Required work – Give back, unaltered, the lines from the one with "ALLSAINTS AMELIE OVERSIZED" to the end of the material, omitting pictures.

Data excerpt –

····················

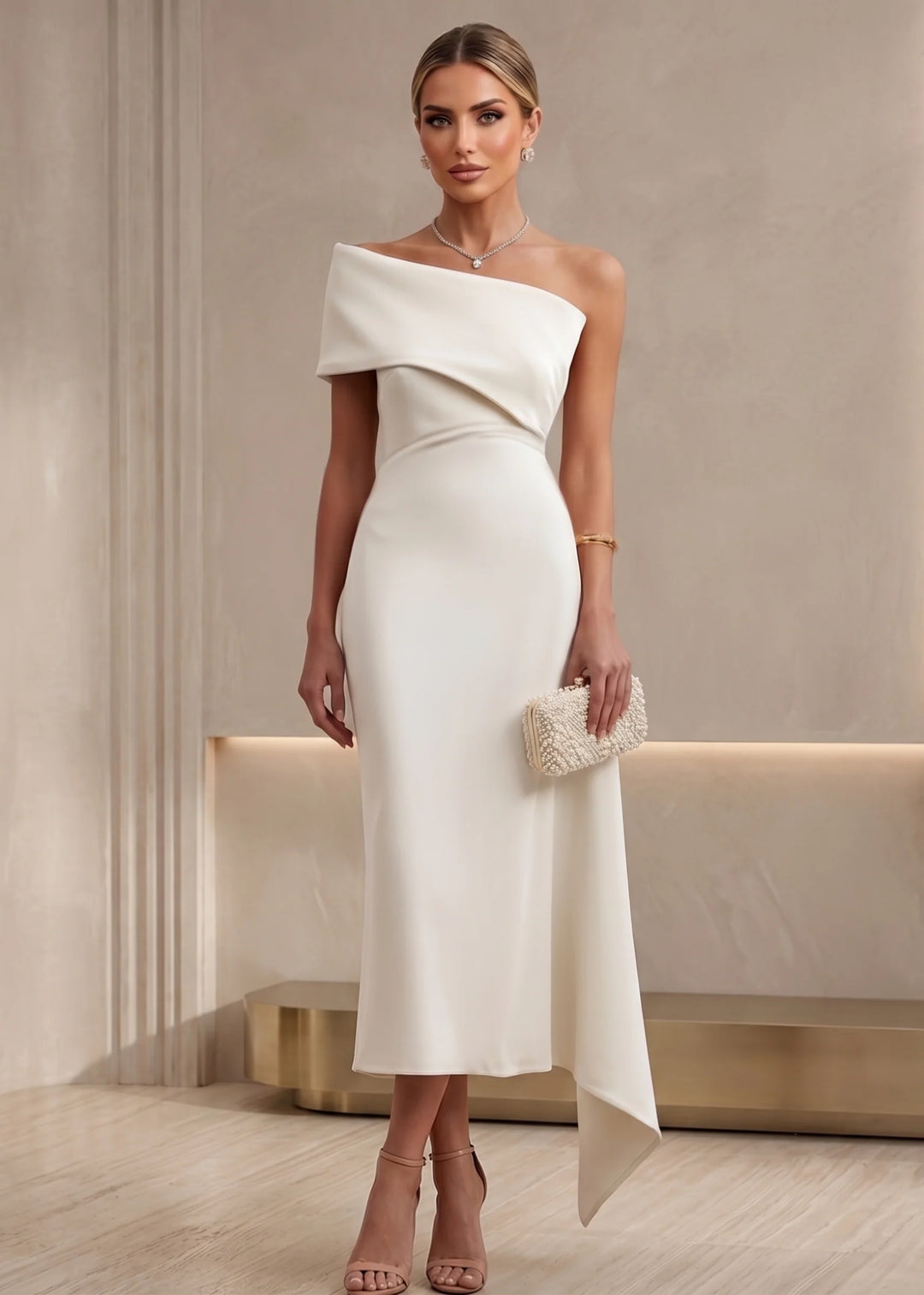 Sheath/Column One-Shoulder Stretch Satin Cocktail Dresses Tea-Length Sleeveless Little White Dresses Party Dresses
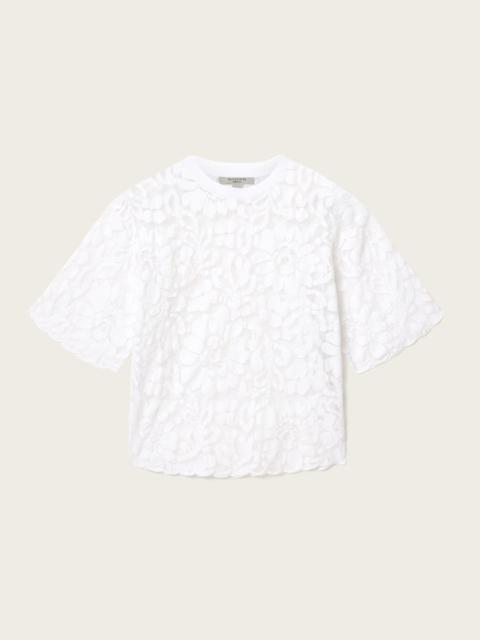 ALLSAINTS AMELIE OVERSIZED SHORT SLEEVE LACE T-SHIRT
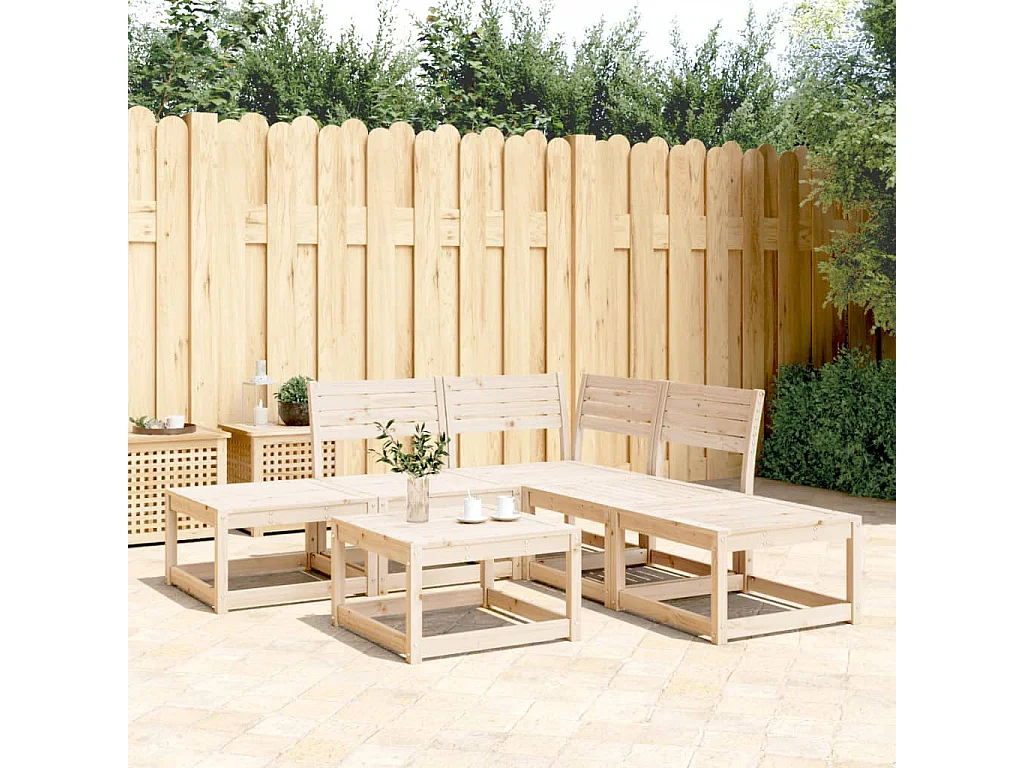 5-tlg. Garten-Sofagarnitur Massivholz Kiefer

····················

Response to this task –
 ALLSAINTS AMELIE OVERSIZED SHORT SLEEVE LACE T-SHIRT
 5-tlg. Garten-Sofagarnitur Massivholz Kiefer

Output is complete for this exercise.